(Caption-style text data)
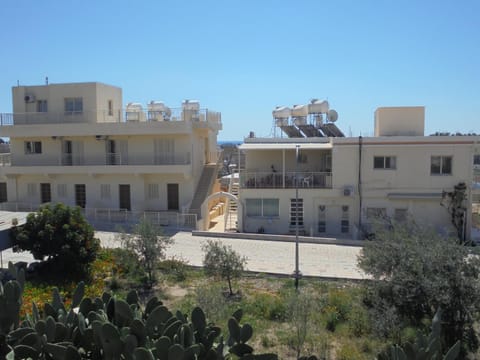 Property building, Street view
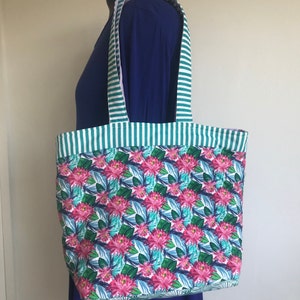 Schultertasche Tote Bag, Henkeltasche mit Langem Blumenmotiv in Grün und Pink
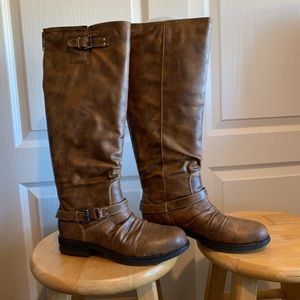 Ladies Brown Boots 7 M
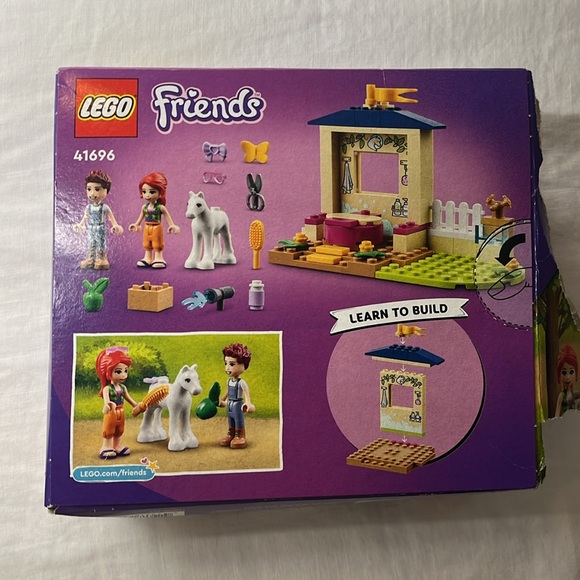 Lego Friends 41696 Pony Washing Stable - Picture 3 of 4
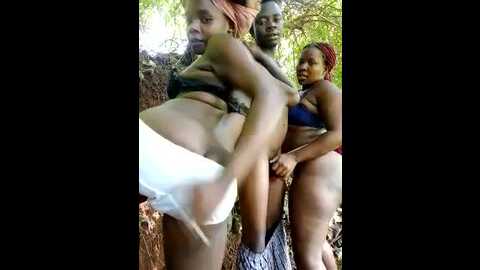 rediant_two256 @ stripchat on 20231006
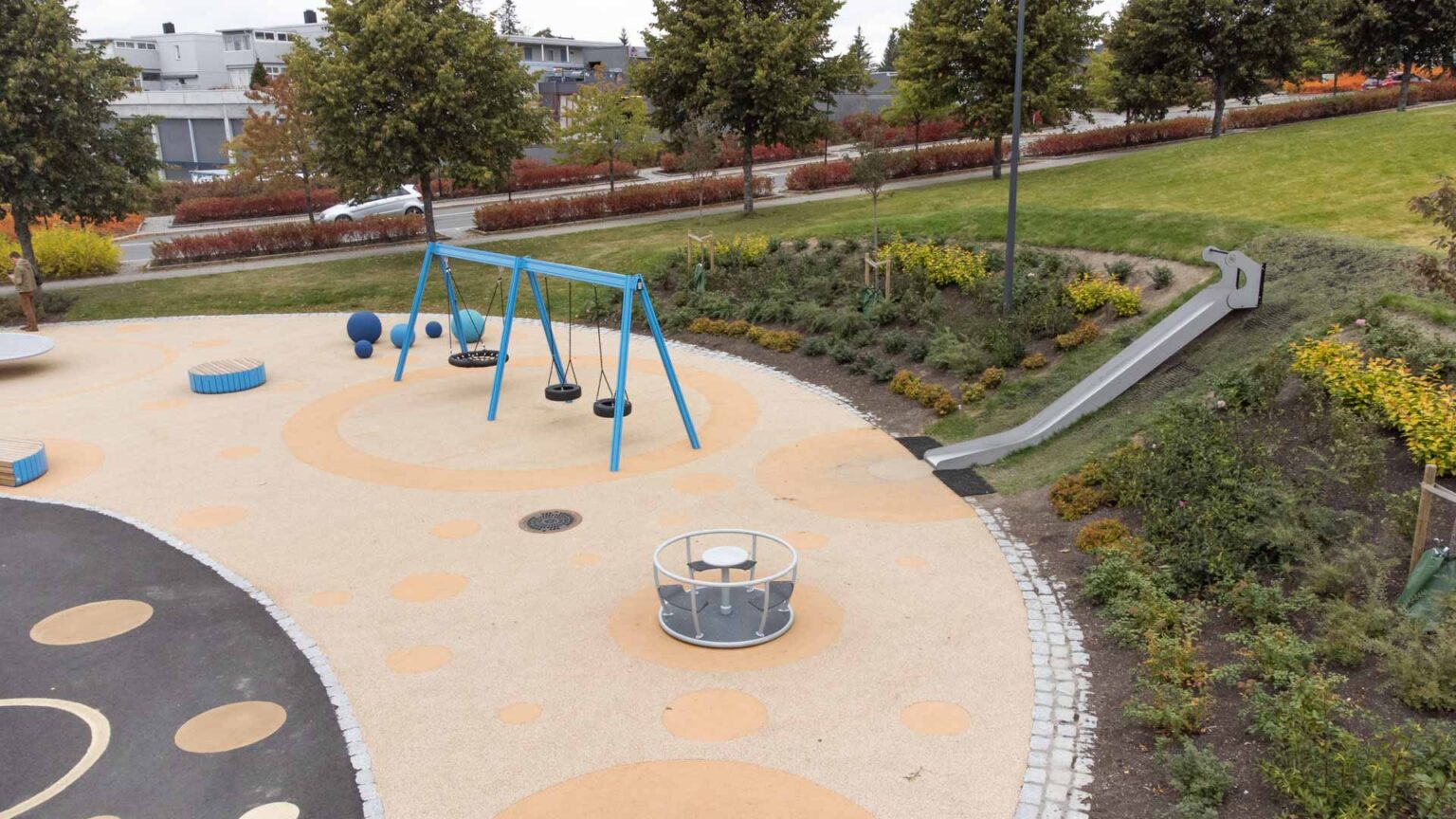 DJI 0380 Lekeapparater i Romsaasparken på Jessheim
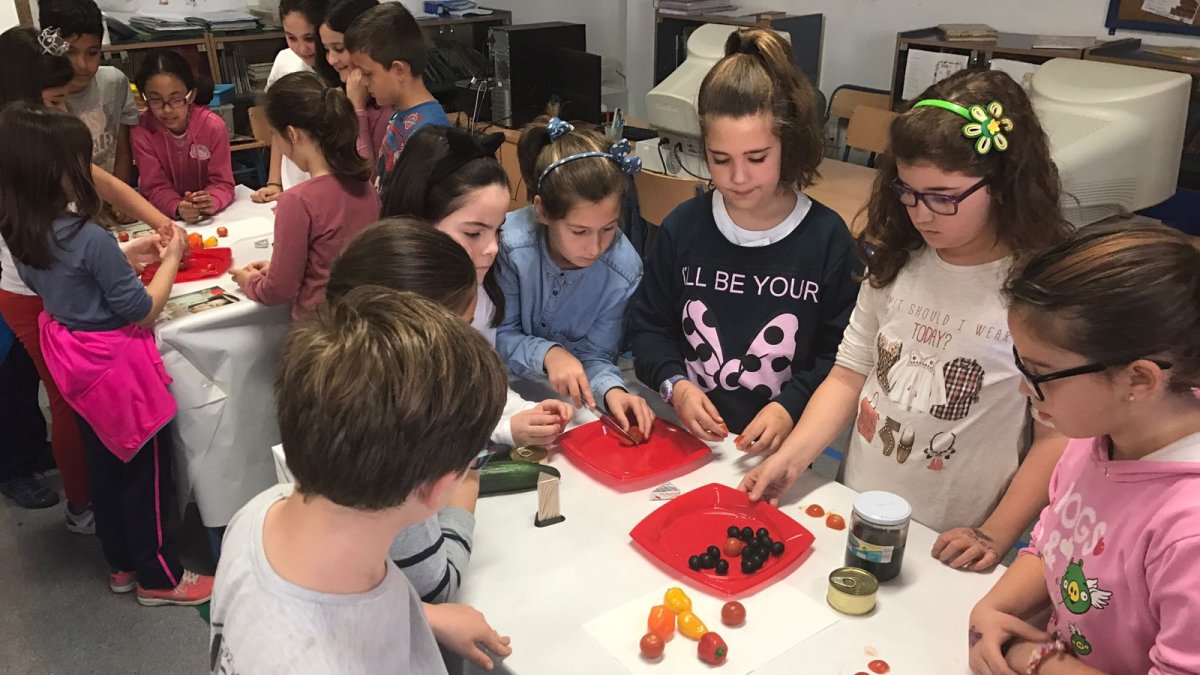 Jóvenes aprendiendo a comer sano de la mano de los profesionales de La Unión.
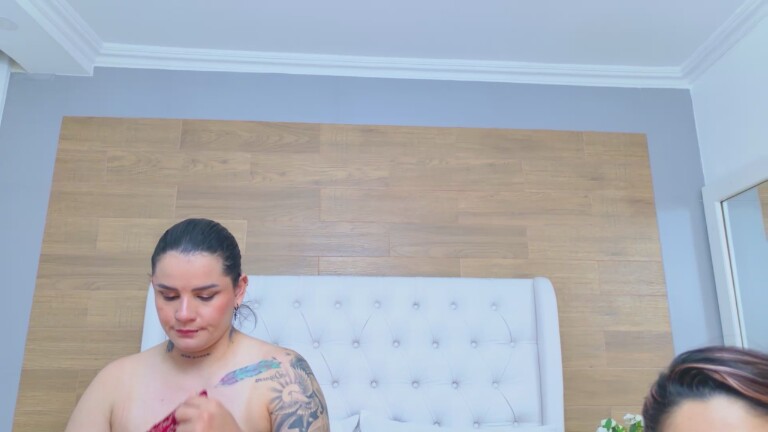 MaraAndSaray's Streamate show and profile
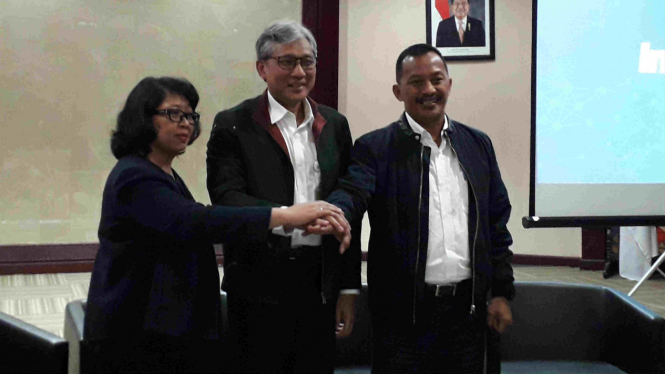 Gigih Prakoso jadi Direktur Utama PGN (tengah).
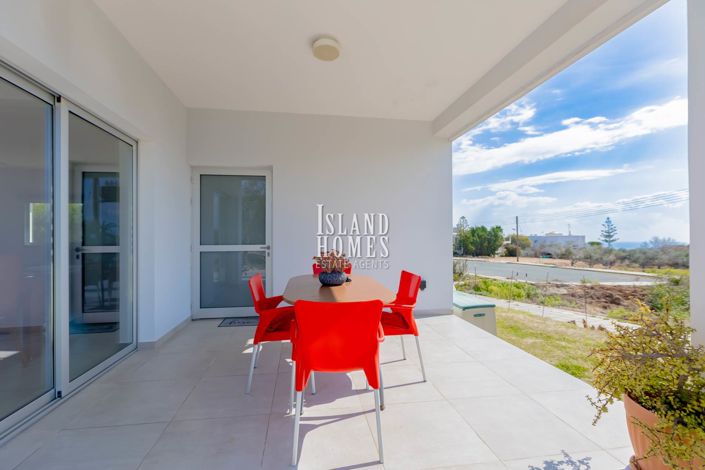 Image No.8-5 Bed Villa / Detached for sale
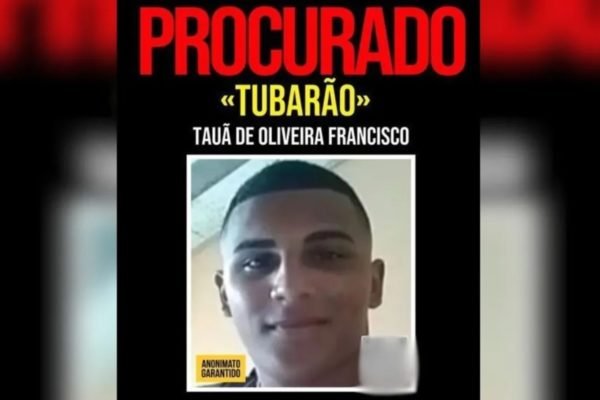 Foto colorida mostra cartaz de procurado do miliciano Tauã de Oliveira Francisco, o Tubarão, de 25 anos, do Rio de Janeiro, morto em confronto com a polícia - Metrópoles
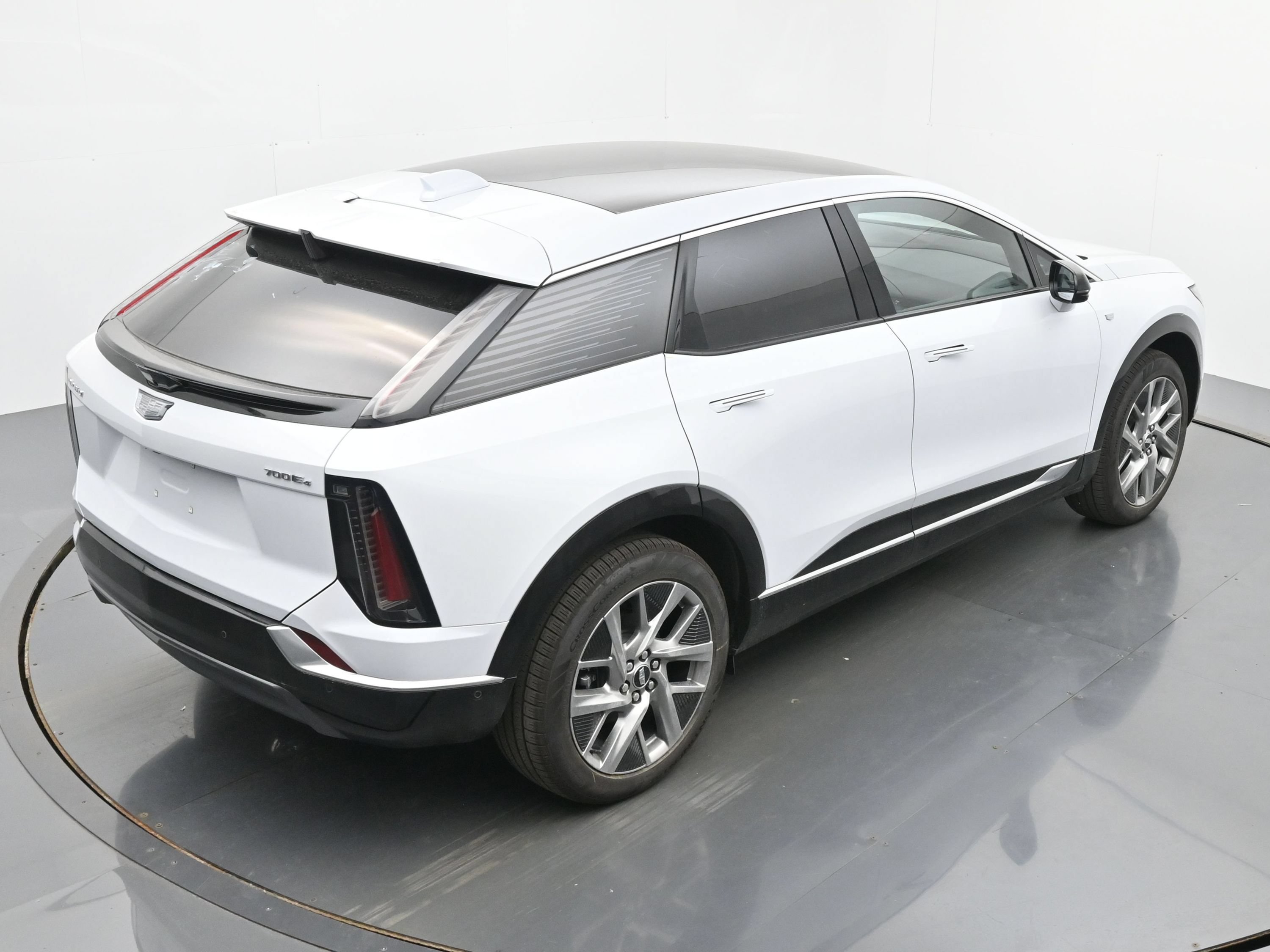 New 2026 Cadillac Optiq Luxury 1 w/ LPO, Floor Liner Package AWD/4WD image 27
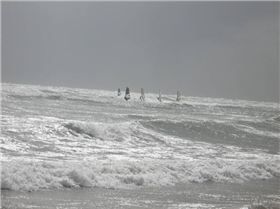 30+knots at seacliff 2/4/08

• _BRIEF_: To complete this exercise, transcribe exactly the lines above from the one that holds "Gigih Prakoso jadi" through the one that holds "Image No.8-5 Bed Villa / Detached for sale". Pictures stay out.

• _RESULT OF THE EXERCISE_:
 Gigih Prakoso jadi Direktur Utama PGN (tengah).
 Image No.8-5 Bed Villa / Detached for sale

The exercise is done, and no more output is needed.